Everything in the listing should be set down exactly, apart from the pictures.

## The data
• • • •

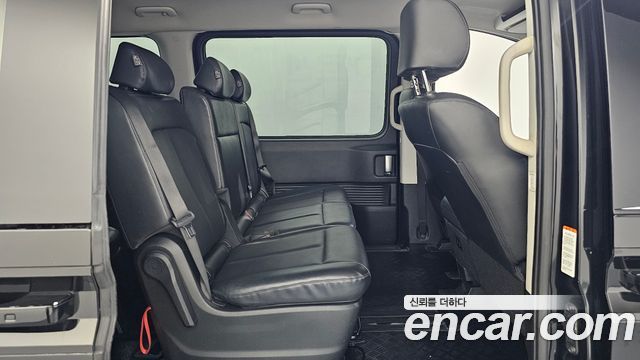Hyundai Staria 2022 — photo 12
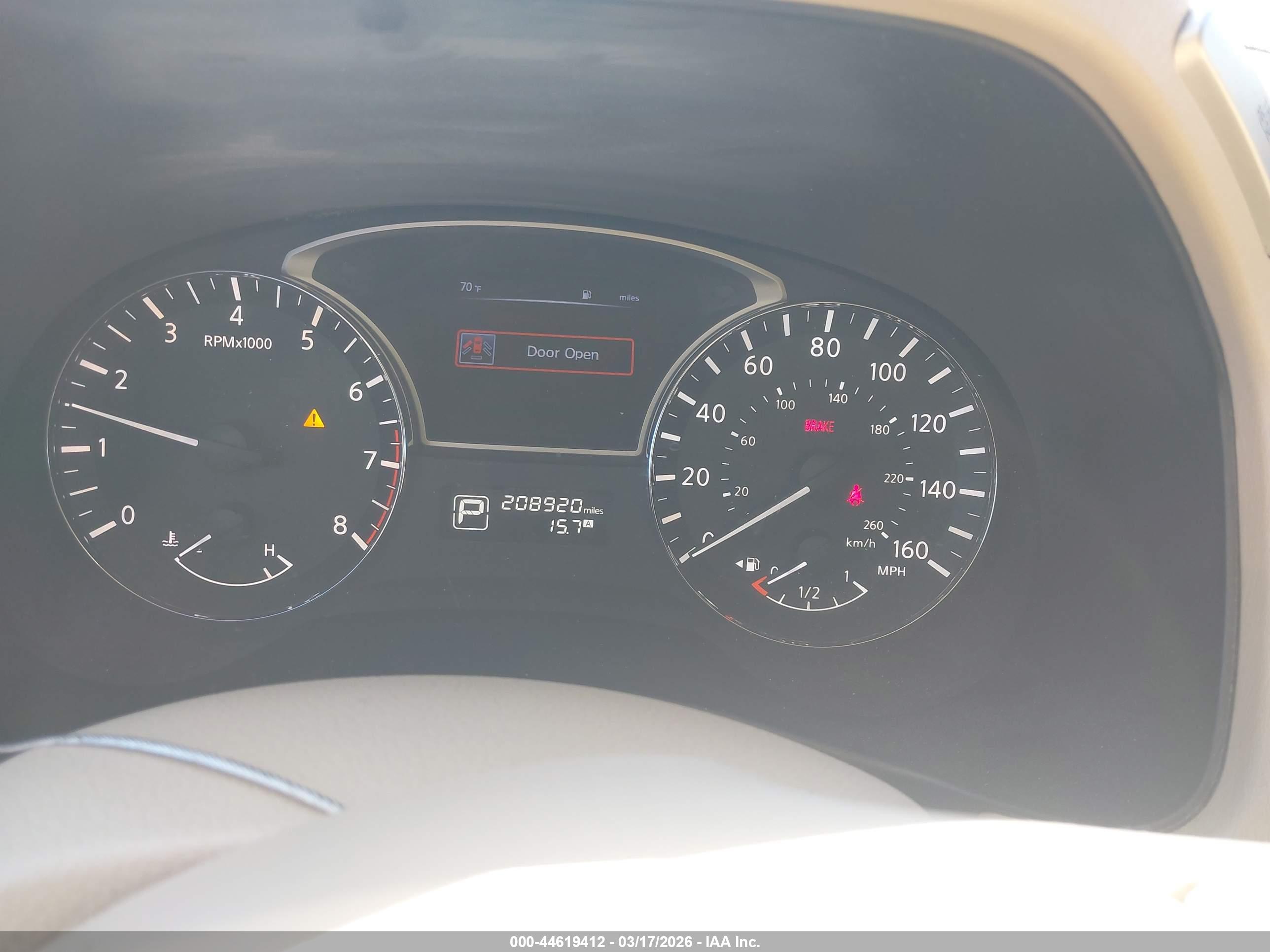 NISSAN PATHFINDER image 7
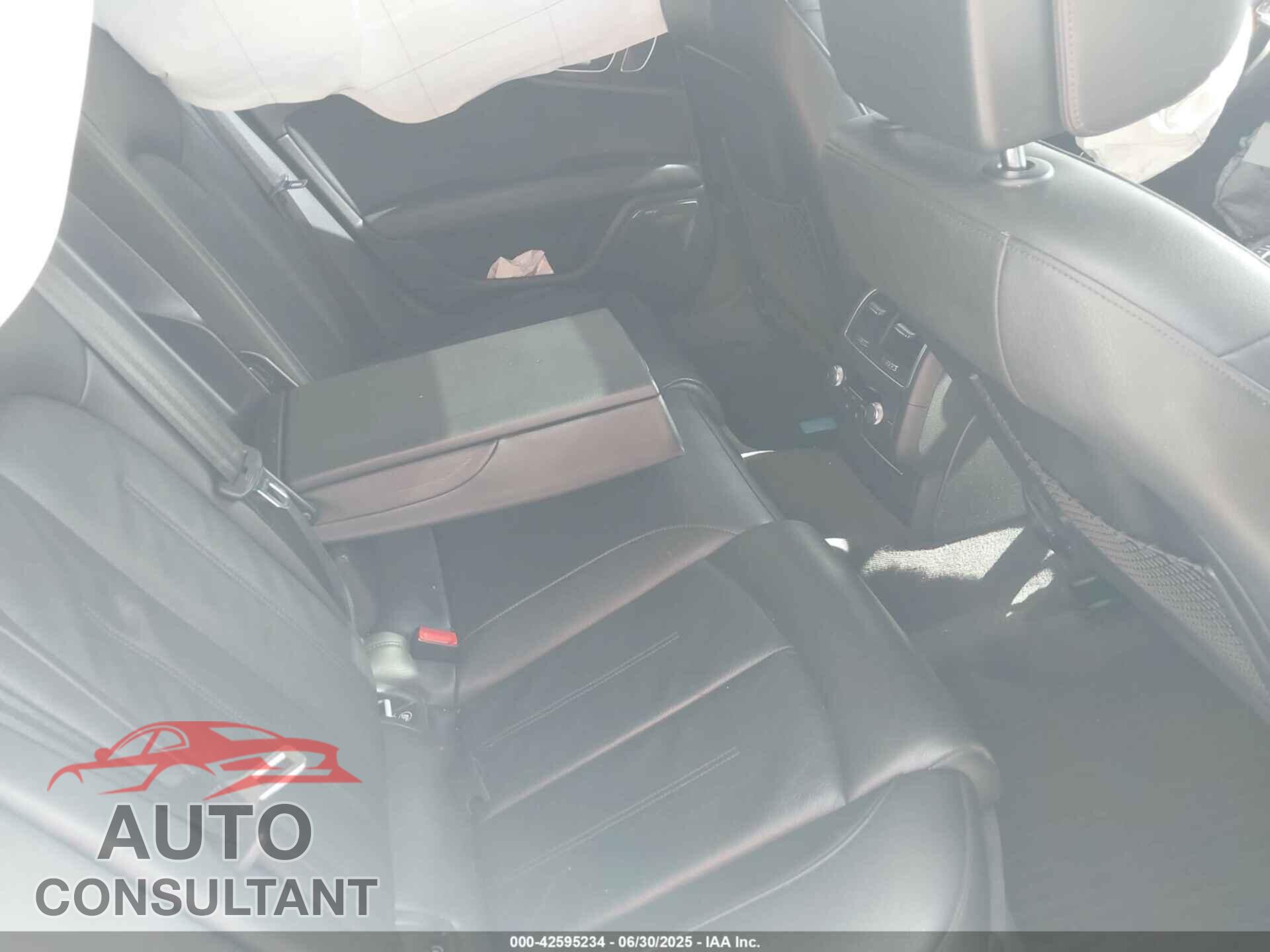 AUDI A7 2016 - WAUWGAFC2GN021696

• • • •

## Expected output
Hyundai Staria 2022 — photo 12
 NISSAN PATHFINDER image 7
 AUDI A7 2016 - WAUWGAFC2GN021696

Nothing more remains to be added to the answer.